● **Exercise directions**:
In the entries, find all lines that hold the word "Used" and copy them.

--------

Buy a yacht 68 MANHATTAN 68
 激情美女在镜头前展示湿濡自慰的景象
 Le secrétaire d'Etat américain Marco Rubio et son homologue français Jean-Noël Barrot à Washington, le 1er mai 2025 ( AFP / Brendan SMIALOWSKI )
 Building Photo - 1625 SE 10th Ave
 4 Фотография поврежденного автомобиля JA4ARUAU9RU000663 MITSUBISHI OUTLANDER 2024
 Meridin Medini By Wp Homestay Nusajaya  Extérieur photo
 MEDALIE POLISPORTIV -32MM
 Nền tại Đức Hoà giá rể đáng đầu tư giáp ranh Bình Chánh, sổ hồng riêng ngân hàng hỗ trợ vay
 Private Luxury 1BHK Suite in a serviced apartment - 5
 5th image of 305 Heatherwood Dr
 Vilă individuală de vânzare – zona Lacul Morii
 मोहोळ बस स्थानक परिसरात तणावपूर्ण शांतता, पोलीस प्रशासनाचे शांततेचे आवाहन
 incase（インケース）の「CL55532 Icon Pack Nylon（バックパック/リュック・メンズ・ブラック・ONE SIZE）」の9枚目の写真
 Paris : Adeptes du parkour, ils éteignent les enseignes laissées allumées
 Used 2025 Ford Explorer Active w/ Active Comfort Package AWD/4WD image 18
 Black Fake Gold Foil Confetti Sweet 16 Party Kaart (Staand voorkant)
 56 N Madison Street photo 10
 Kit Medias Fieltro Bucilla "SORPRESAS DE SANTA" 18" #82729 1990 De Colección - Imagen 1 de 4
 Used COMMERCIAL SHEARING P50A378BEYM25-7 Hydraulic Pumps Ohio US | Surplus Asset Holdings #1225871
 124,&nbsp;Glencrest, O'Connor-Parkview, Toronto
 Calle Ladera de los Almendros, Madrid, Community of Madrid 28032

--------

● **Reply**:
 Used 2025 Ford Explorer Active w/ Active Comfort Package AWD/4WD image 18
 Used COMMERCIAL SHEARING P50A378BEYM25-7 Hydraulic Pumps Ohio US | Surplus Asset Holdings #1225871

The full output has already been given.